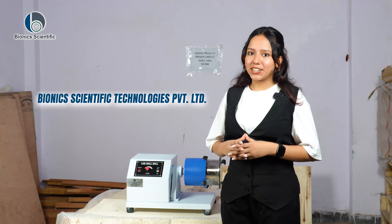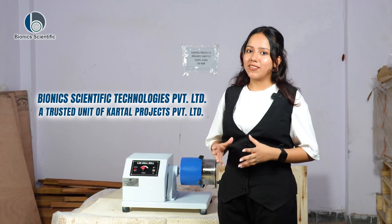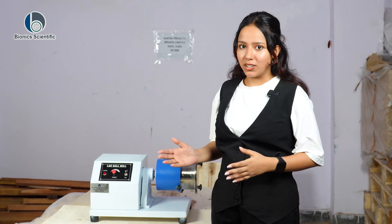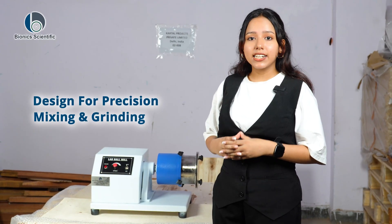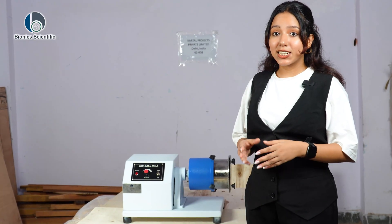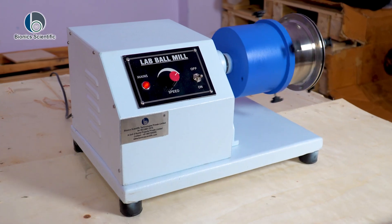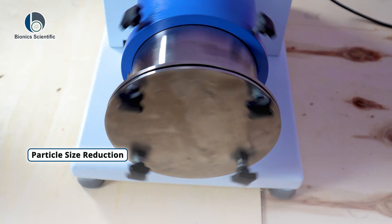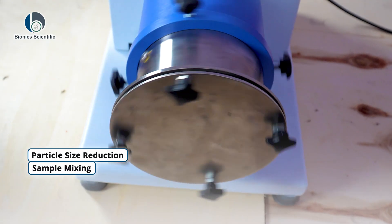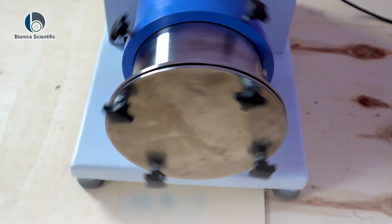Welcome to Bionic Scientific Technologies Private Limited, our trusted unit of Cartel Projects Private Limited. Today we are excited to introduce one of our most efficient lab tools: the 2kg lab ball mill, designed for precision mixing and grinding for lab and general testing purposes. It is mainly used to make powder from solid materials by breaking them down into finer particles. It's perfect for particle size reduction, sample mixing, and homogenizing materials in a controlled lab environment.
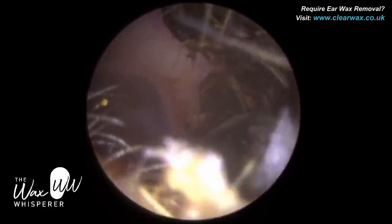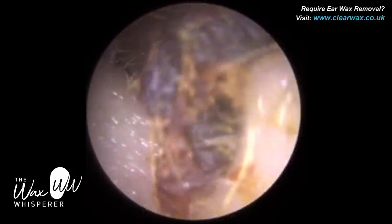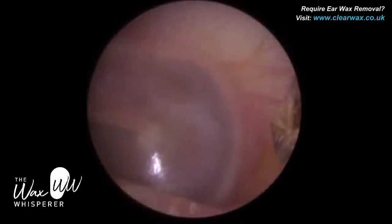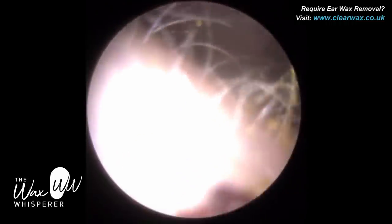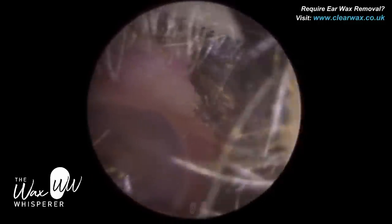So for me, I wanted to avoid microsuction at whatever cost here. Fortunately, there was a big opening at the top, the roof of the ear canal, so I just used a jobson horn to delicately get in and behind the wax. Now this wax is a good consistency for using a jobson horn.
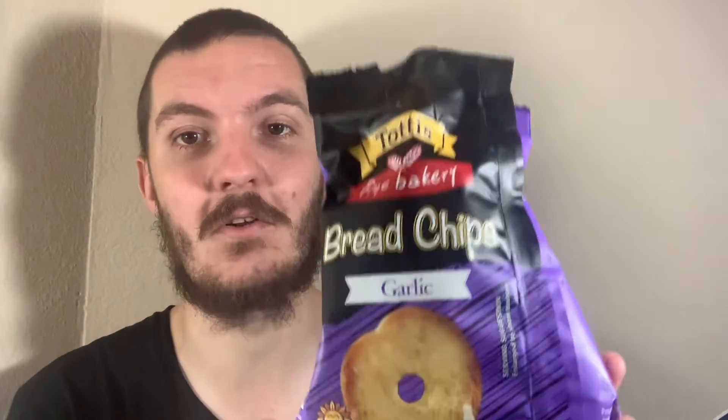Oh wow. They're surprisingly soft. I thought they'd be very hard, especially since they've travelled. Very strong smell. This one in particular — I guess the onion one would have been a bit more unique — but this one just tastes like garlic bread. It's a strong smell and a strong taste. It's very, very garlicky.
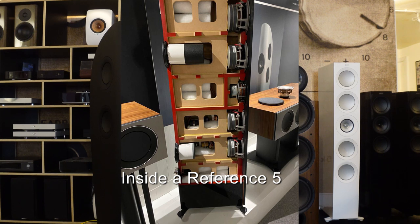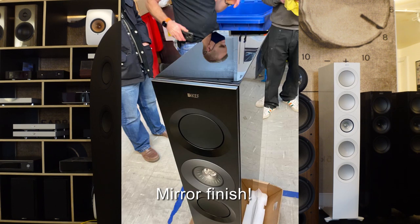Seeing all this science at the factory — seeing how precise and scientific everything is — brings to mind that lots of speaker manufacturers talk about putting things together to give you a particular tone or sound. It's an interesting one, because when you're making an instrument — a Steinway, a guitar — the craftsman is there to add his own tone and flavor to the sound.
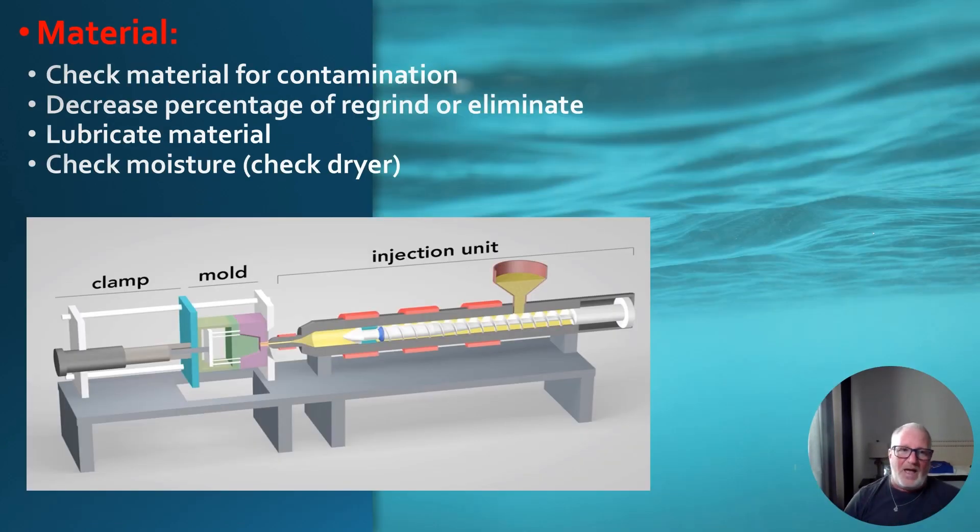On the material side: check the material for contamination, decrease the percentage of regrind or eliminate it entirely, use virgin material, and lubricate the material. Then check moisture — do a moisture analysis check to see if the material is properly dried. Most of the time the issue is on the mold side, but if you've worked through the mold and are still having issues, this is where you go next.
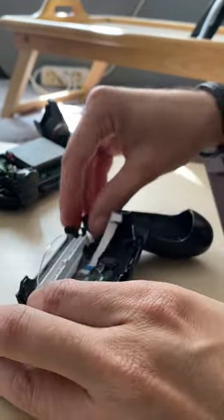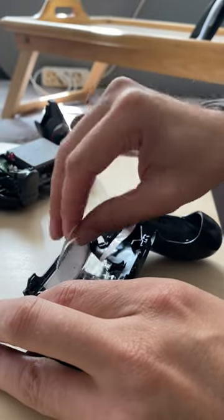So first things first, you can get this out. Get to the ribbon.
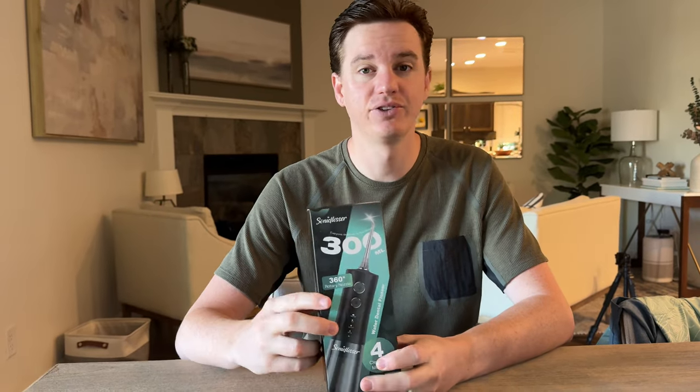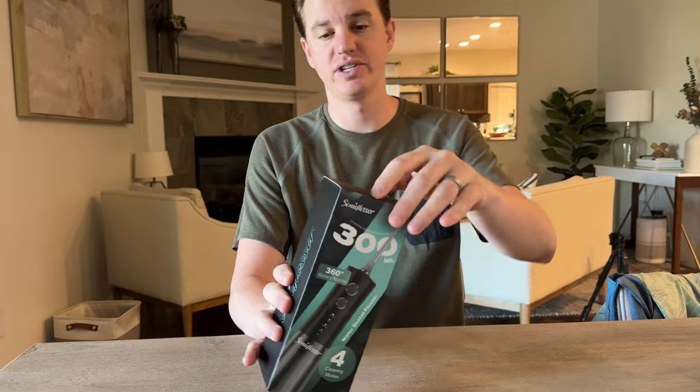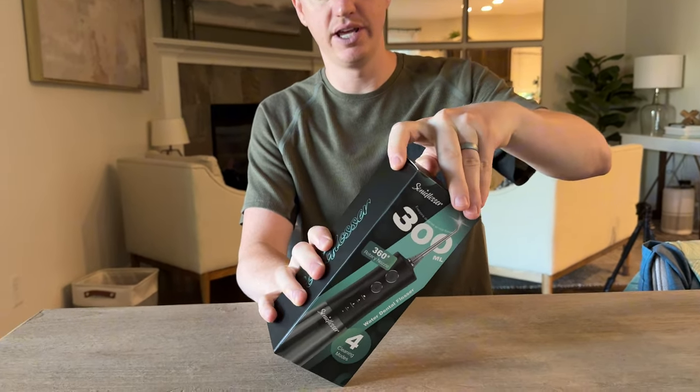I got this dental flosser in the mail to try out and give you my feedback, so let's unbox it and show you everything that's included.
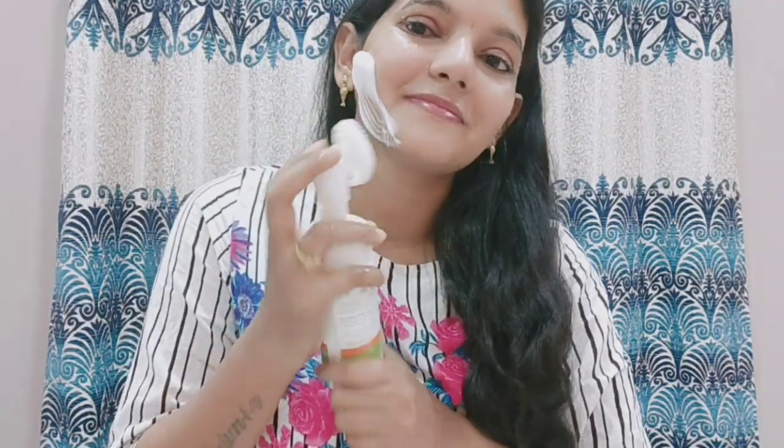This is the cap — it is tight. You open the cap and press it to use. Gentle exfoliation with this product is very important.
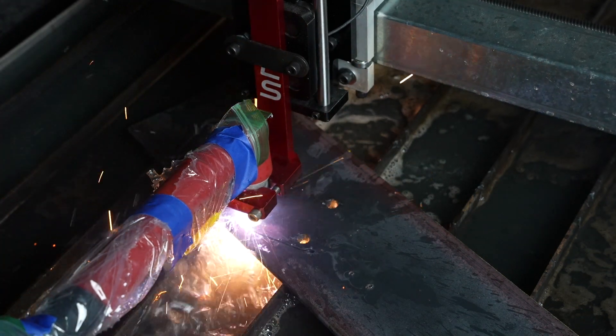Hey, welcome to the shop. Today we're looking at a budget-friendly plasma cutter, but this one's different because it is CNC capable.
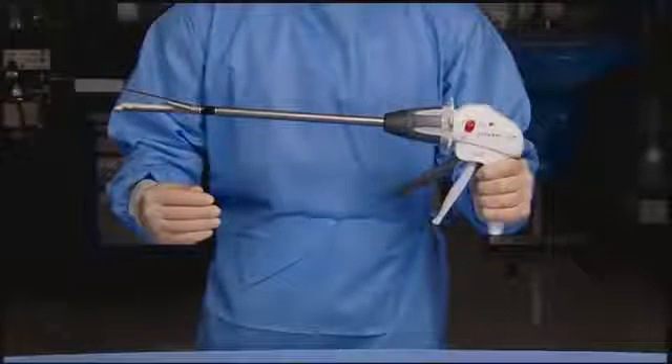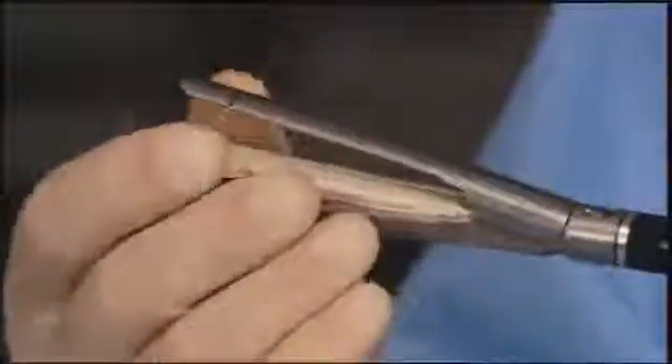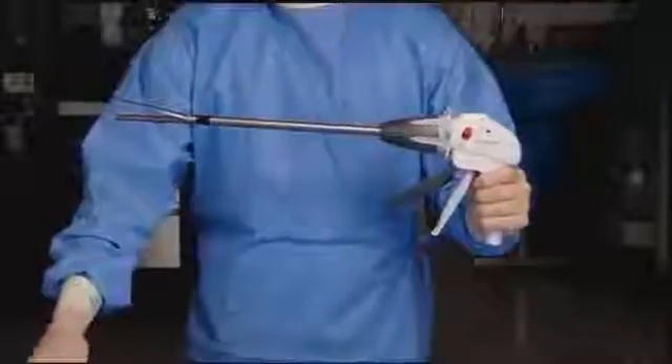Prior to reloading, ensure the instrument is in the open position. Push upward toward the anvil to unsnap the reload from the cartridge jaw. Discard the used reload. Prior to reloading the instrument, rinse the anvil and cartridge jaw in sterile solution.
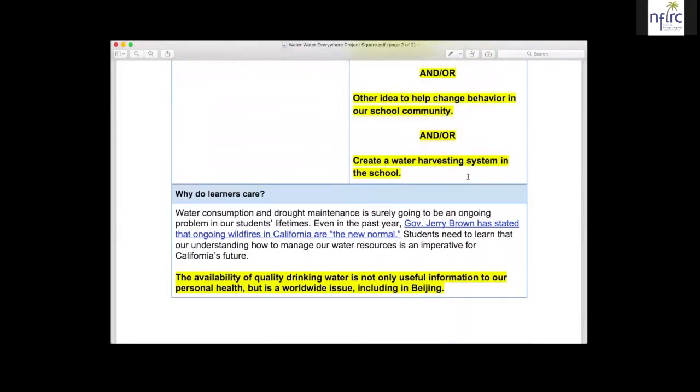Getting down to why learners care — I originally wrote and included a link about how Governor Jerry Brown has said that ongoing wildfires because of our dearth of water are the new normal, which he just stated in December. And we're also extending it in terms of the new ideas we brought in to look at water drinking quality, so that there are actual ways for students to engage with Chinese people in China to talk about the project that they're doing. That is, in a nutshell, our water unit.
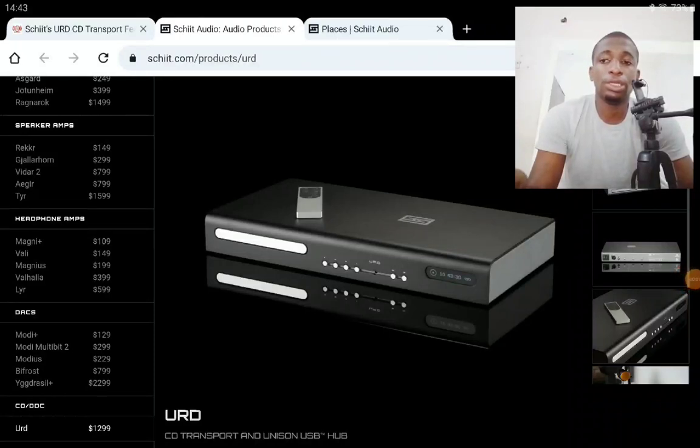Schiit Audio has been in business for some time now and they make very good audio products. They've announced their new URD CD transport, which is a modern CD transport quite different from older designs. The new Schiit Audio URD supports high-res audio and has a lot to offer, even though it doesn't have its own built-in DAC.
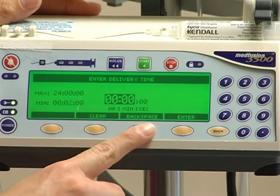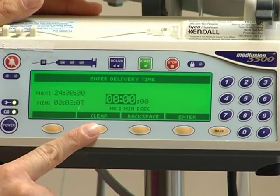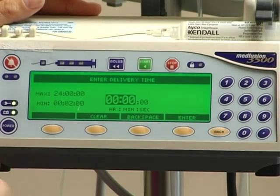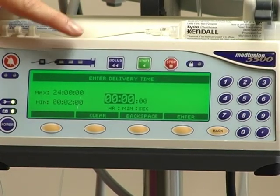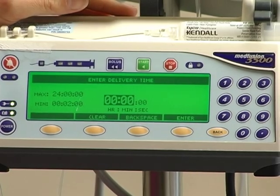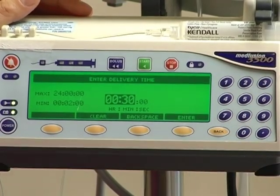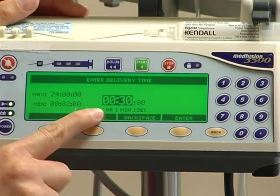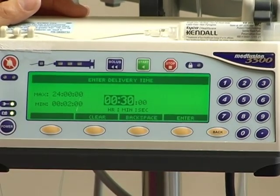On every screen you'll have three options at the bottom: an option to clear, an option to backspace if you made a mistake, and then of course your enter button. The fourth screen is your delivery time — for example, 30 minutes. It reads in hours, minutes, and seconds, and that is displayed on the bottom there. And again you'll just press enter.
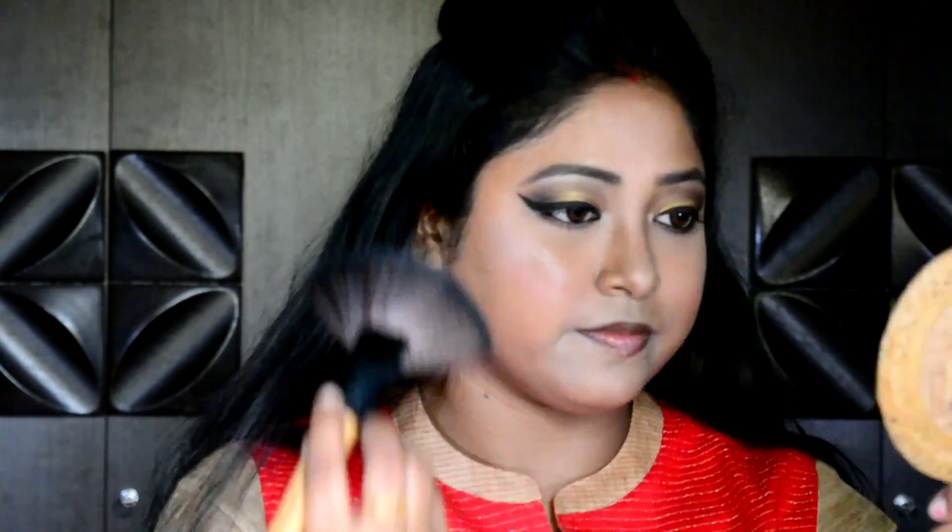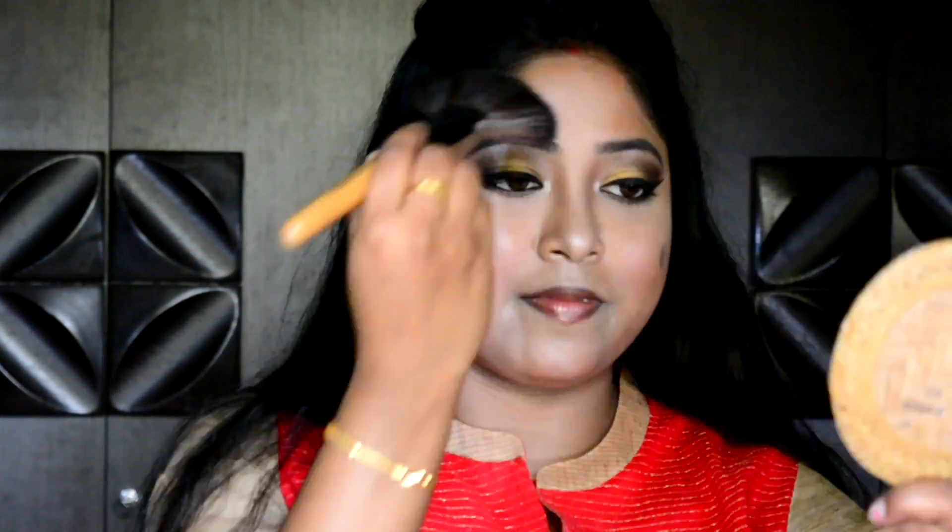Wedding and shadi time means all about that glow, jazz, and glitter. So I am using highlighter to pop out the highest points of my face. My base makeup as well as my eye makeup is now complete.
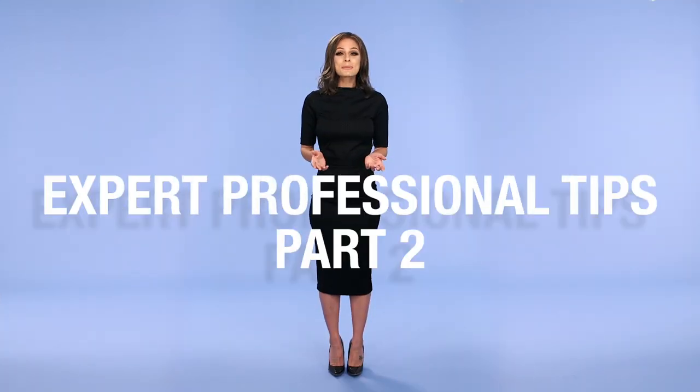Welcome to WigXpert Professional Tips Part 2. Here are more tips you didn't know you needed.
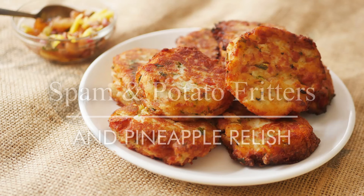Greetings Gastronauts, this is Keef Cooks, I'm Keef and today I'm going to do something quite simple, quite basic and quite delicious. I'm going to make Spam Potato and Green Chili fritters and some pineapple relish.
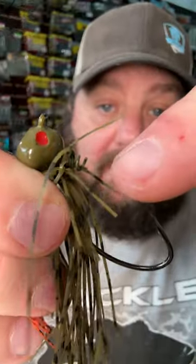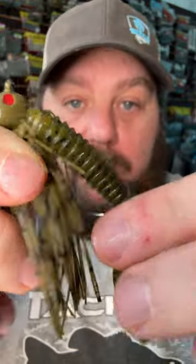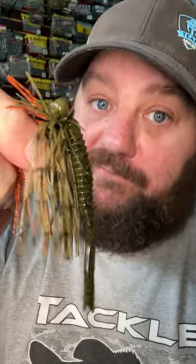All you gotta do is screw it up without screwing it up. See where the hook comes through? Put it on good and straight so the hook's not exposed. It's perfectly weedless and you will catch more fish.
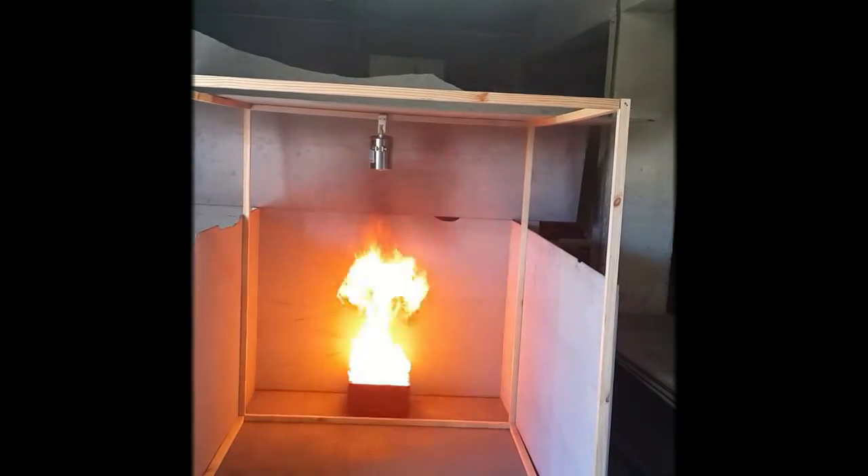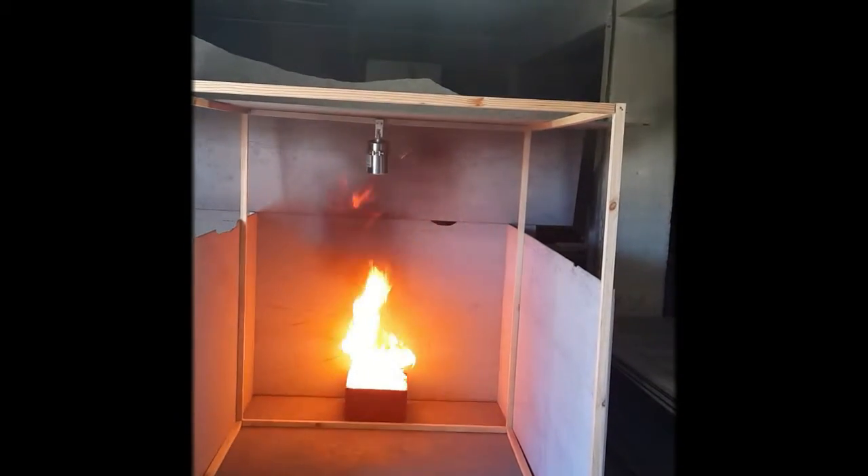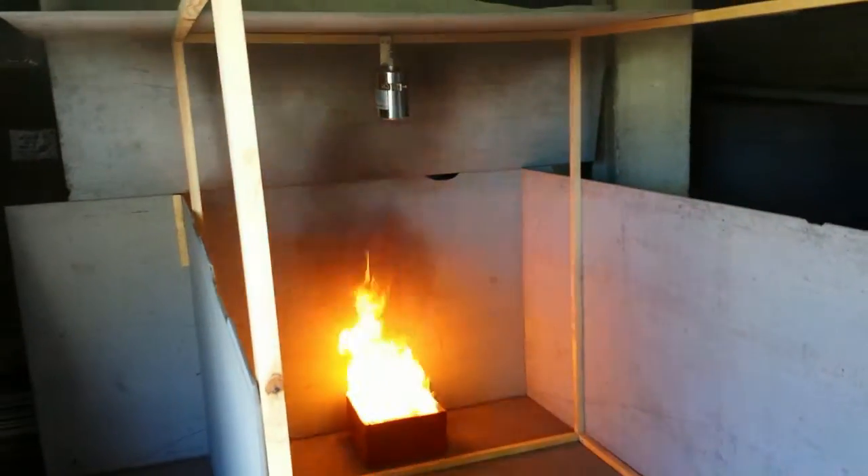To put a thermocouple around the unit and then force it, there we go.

▬▬▬

What the task asks = I'd like the material above repeated exactly, with the pictures omitted.

Problem solution =
Welcome to Bionic Scientific Technologies Private Limited, our trusted unit of Cartel Projects Private Limited. Today we are excited to introduce one of our most efficient lab tools: the 2kg lab ball mill, designed for precision mixing and grinding for lab and general testing purposes. It is mainly used to make powder from solid materials by breaking them down into finer particles. It's perfect for particle size reduction, sample mixing, and homogenizing materials in a controlled lab environment.
So for me, I wanted to avoid microsuction at whatever cost here. Fortunately, there was a big opening at the top, the roof of the ear canal, so I just used a jobson horn to delicately get in and behind the wax. Now this wax is a good consistency for using a jobson horn.
Oh wow. They're surprisingly soft. I thought they'd be very hard, especially since they've travelled. Very strong smell. This one in particular — I guess the onion one would have been a bit more unique — but this one just tastes like garlic bread. It's a strong smell and a strong taste. It's very, very garlicky.
Seeing all this science at the factory — seeing how precise and scientific everything is — brings to mind that lots of speaker manufacturers talk about putting things together to give you a particular tone or sound. It's an interesting one, because when you're making an instrument — a Steinway, a guitar — the craftsman is there to add his own tone and flavor to the sound.
On the material side: check the material for contamination, decrease the percentage of regrind or eliminate it entirely, use virgin material, and lubricate the material. Then check moisture — do a moisture analysis check to see if the material is properly dried. Most of the time the issue is on the mold side, but if you've worked through the mold and are still having issues, this is where you go next.
So first things first, you can get this out. Get to the ribbon.
I got this dental flosser in the mail to try out and give you my feedback, so let's unbox it and show you everything that's included.
This is the cap — it is tight. You open the cap and press it to use. Gentle exfoliation with this product is very important.
Hey, welcome to the shop. Today we're looking at a budget-friendly plasma cutter, but this one's different because it is CNC capable.
Prior to reloading, ensure the instrument is in the open position. Push upward toward the anvil to unsnap the reload from the cartridge jaw. Discard the used reload. Prior to reloading the instrument, rinse the anvil and cartridge jaw in sterile solution.
Getting down to why learners care — I originally wrote and included a link about how Governor Jerry Brown has said that ongoing wildfires because of our dearth of water are the new normal, which he just stated in December. And we're also extending it in terms of the new ideas we brought in to look at water drinking quality, so that there are actual ways for students to engage with Chinese people in China to talk about the project that they're doing. That is, in a nutshell, our water unit.
Schiit Audio has been in business for some time now and they make very good audio products. They've announced their new URD CD transport, which is a modern CD transport quite different from older designs. The new Schiit Audio URD supports high-res audio and has a lot to offer, even though it doesn't have its own built-in DAC.
On every screen you'll have three options at the bottom: an option to clear, an option to backspace if you made a mistake, and then of course your enter button. The fourth screen is your delivery time — for example, 30 minutes. It reads in hours, minutes, and seconds, and that is displayed on the bottom there. And again you'll just press enter.
Wedding and shadi time means all about that glow, jazz, and glitter. So I am using highlighter to pop out the highest points of my face. My base makeup as well as my eye makeup is now complete.
Welcome to WigXpert Professional Tips Part 2. Here are more tips you didn't know you needed.
Greetings Gastronauts, this is Keef Cooks, I'm Keef and today I'm going to do something quite simple, quite basic and quite delicious. I'm going to make Spam Potato and Green Chili fritters and some pineapple relish.
All you gotta do is screw it up without screwing it up. See where the hook comes through? Put it on good and straight so the hook's not exposed. It's perfectly weedless and you will catch more fish.
To put a thermocouple around the unit and then force it, there we go.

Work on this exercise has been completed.